Metric Why It Matters Alert When
CPU usage (%) High CPU means your container is under load or stuck in a loop > 80% sustained for 5+ minutes
Memory usage (bytes) Approaching the limit means OOM kill is imminent > 85% of memory limit
Memory limit Know what the cap is No limit set (production should always have limits)
Network I/O (bytes in/out) Unusual spikes indicate attacks, data exfiltration, or misconfiguration > 2x normal baseline
Disk I/O (reads/writes) High disk I/O can bottleneck the host Sustained high I/O causing latency
Restart count Frequent restarts indicate instability > 3 restarts in 1 hour
Container state Is it running, paused, or dead?
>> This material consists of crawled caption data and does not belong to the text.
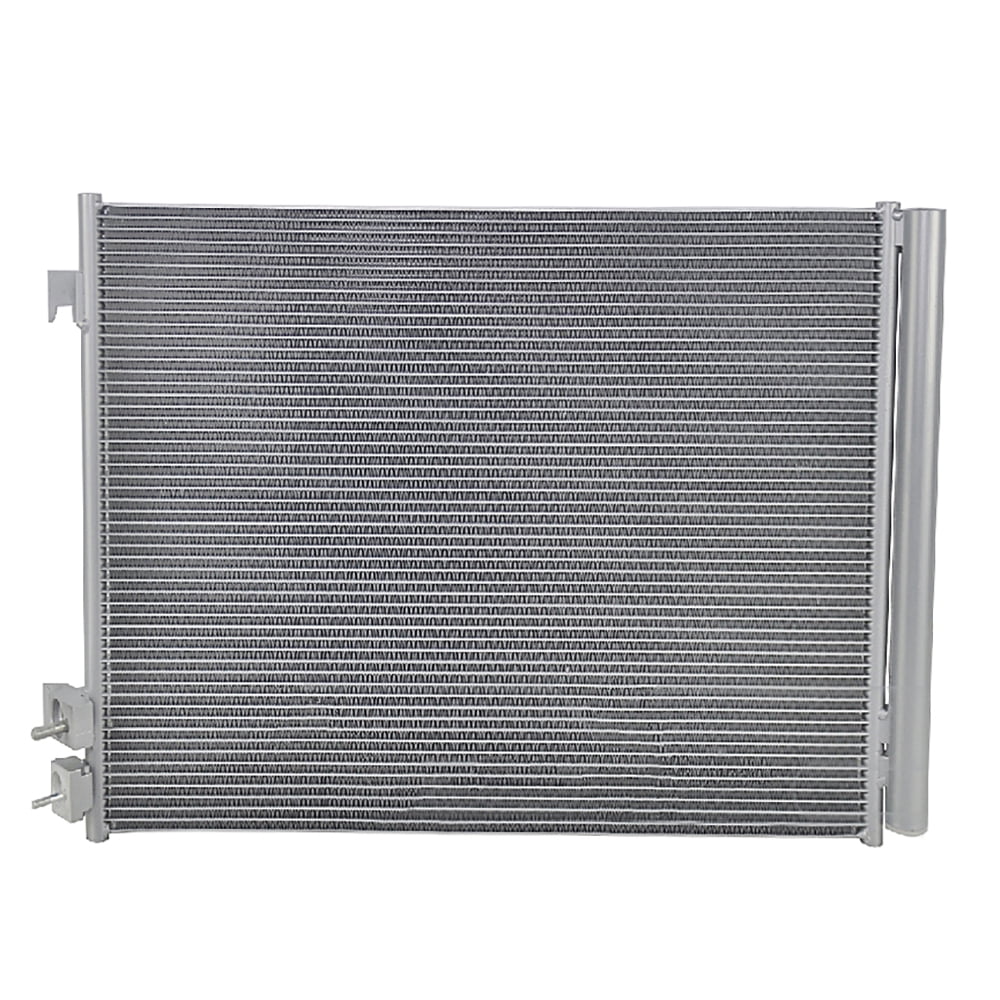 New Ac Condenser Compatible With Ford Mustang Mach-E California Route 1 Sizeport Utility 2021 2022 by Part Number NUMBER LJ9Z19712A FO3030279 LJ9Z-19712A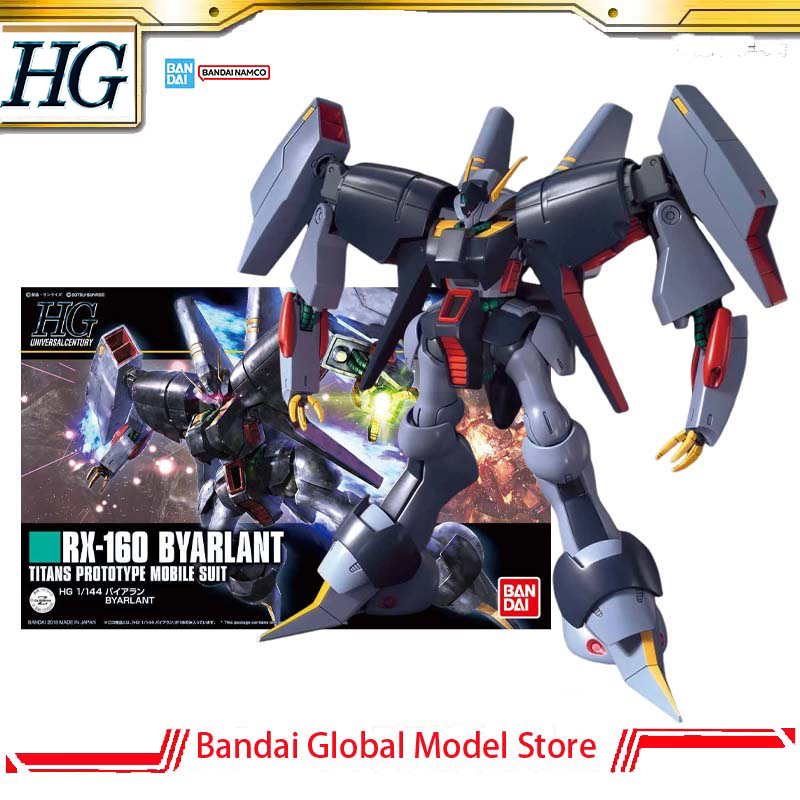 Bandai Gunpla Original Modellb – Bandai Model Gundam Hg Bewertung und Preis
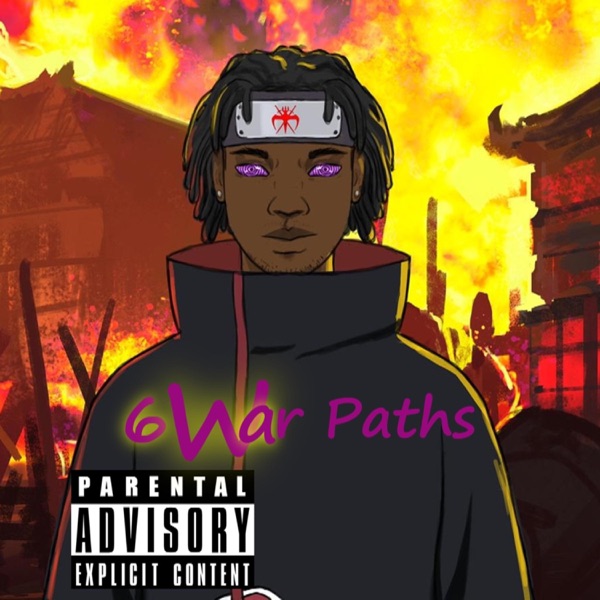 6 War Paths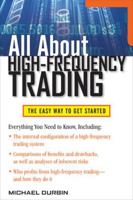All about High-Frequency Trading 0071743448 Book Cover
Any production container not in "running" state
Health check status Is the container actually serving requests? Status changes to "unhealthy"

Host Metrics

  • Disk space — Docker images, volumes, and build cache consume disk. Alert at 80% usage.
  • Total CPU/Memory — the aggregate across all containers plus host processes.
  • Docker daemon status — if the daemon goes down, all containers stop.
  • Available file descriptors — each container uses file descriptors; running out crashes things.

Application Metrics

Container metrics tell you how much resources your app uses. Application metrics tell you if it's actually working:

  • Request rate and latency (p50, p95, p99)
  • Error rate (5xx responses)
  • Queue depth (for worker containers)
  • Database connection pool utilization
  • Custom business metrics

Quick Start: docker stats

Before setting up a full monitoring stack, Docker has a built-in command that gives you real-time metrics:

# Real-time stats for all containers
docker stats

# Stats for specific containers
docker stats myapp db redis

# One-shot (no streaming)
docker stats --no-stream

# Custom format
docker stats --format "table {{.Name}}\t{{.CPUPerc}}\t{{.MemUsage}}\t{{.NetIO}}"

Output looks like:

NAME     CPU %   MEM USAGE / LIMIT     NET I/O           BLOCK I/O
myapp    2.35%   145.2MiB / 512MiB     1.2GB / 890MB     50MB / 10MB
db       0.85%   380.4MiB / 1GiB       500MB / 1.1GB     2.3GB / 1.8GB
redis    0.12%   28.1MiB / 256MiB      200MB / 180MB     0B / 512KB

docker stats is useful for quick checks but doesn't store historical data, generate graphs, or send alerts. For that, you need a proper monitoring stack.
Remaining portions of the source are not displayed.